◆ INSTRUCTIONS TO FOLLOW ◆
Would you retype the line that contains "Reflections on the Psalms" and all lines following it to the end of the entries below, exactly and without pictures?

◆ AVAILABLE DATA ◆

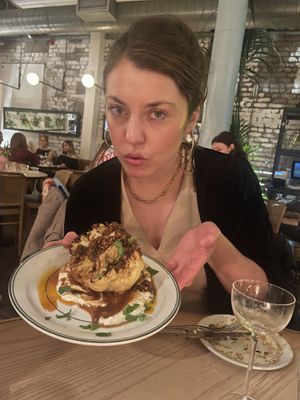   at Evelyn's in Manchester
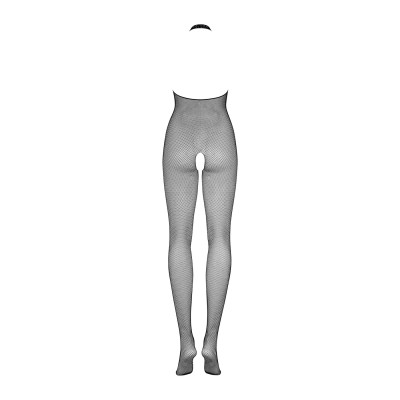 Бодістокінг з доступом Obsessive N101 S/L, чорний
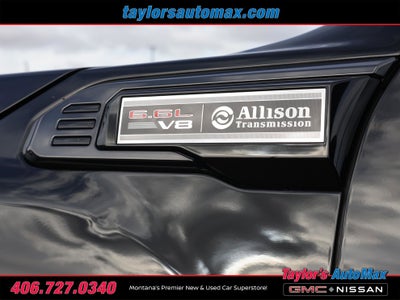 2024 GMC Sierra 2500HD AT4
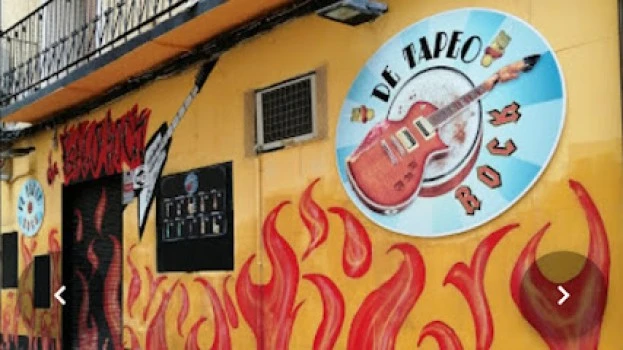 De Tapeo Rock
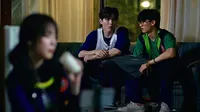 Cena do episódio 4 de Peaceful Property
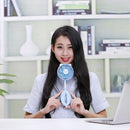 Mini USB Handheld Standy Fan Summer Cooling Protable Travel Outdoor Fan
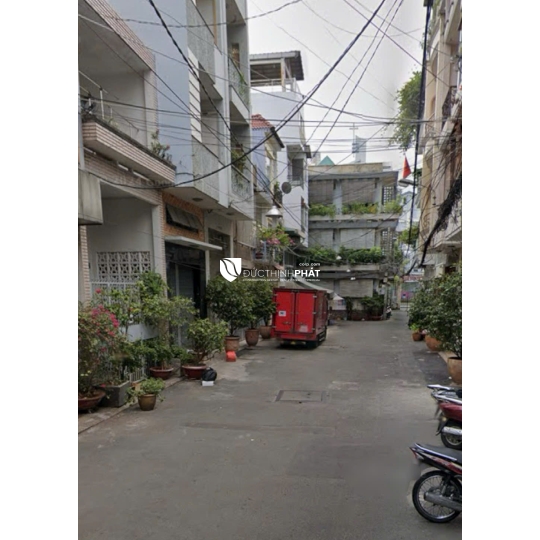 Bán nhà hẻm 7m Trường Sa (Lê Văn Sỹ) Quận 3 – 50m² – 5 tầng – Giá 14.8 tỷ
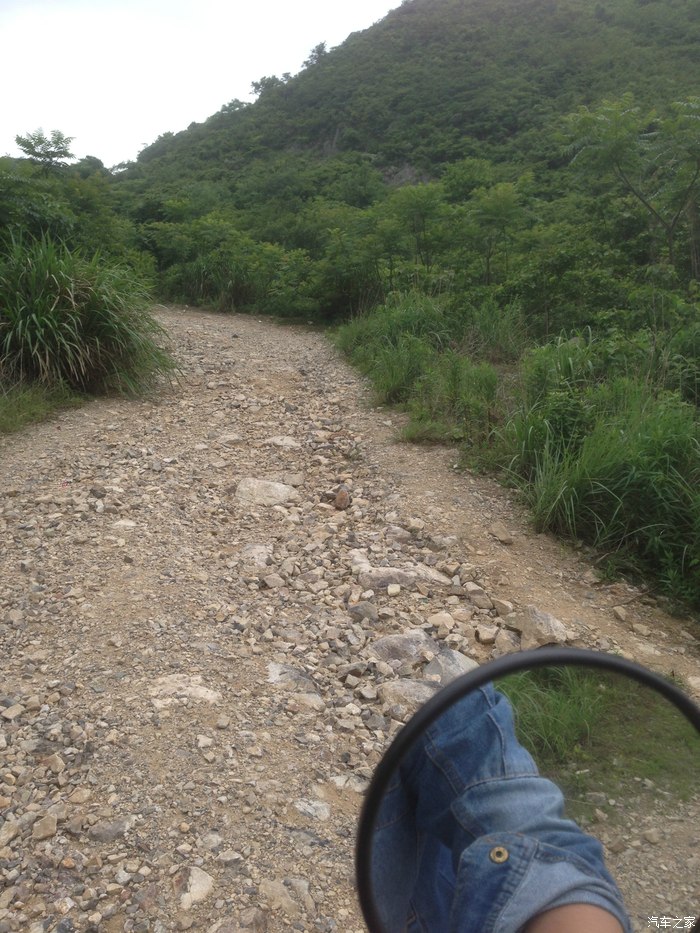 世上本没有路-荒野求生之东海大峡谷无路可走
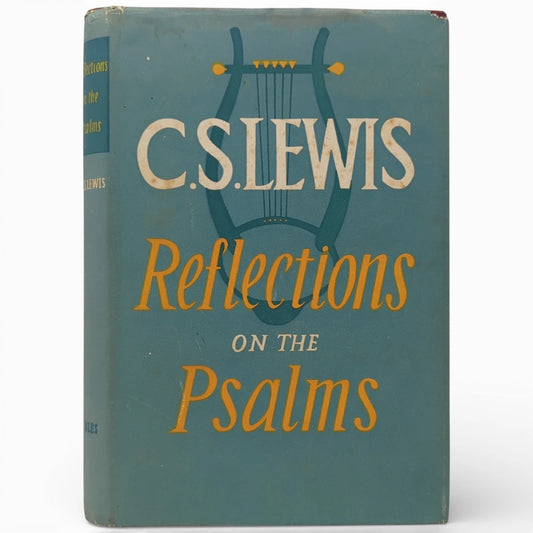 Reflections on the Psalms
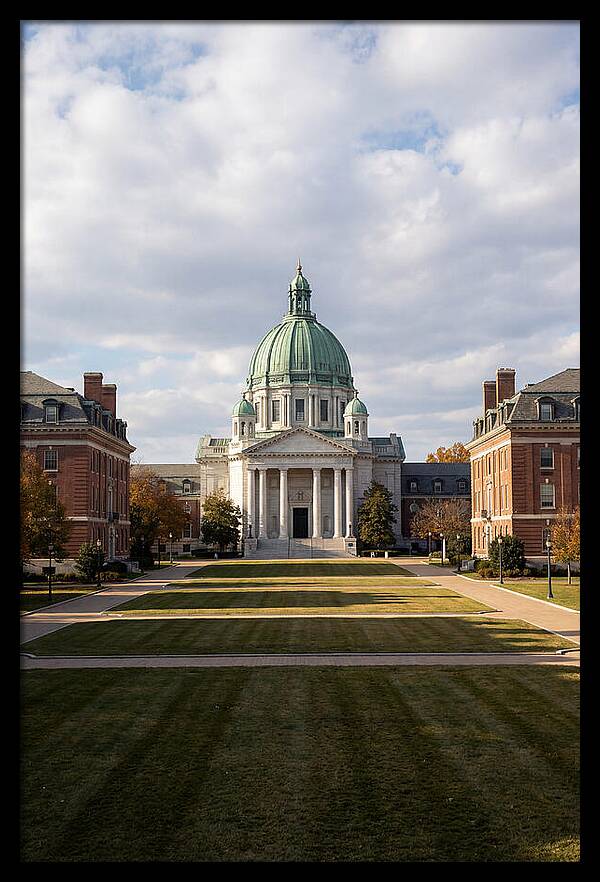 U.s. Naval Academy Serenity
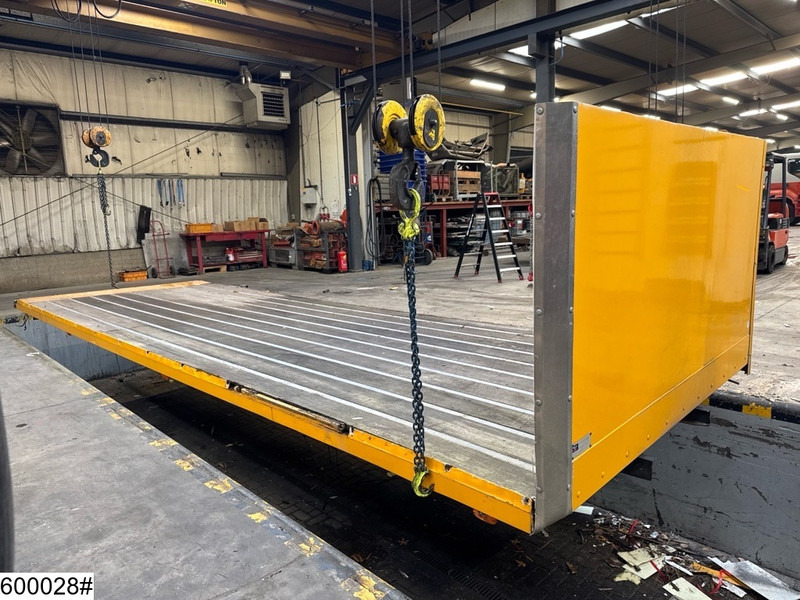 Spare parts for Truck CIA Open laadbak: picture 8 Spare parts for Truck CIA Open laadbak: picture 8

◆ TASK ANSWER ◆
 Reflections on the Psalms
 U.s. Naval Academy Serenity
 Spare parts for Truck CIA Open laadbak: picture 8 Spare parts for Truck CIA Open laadbak: picture 8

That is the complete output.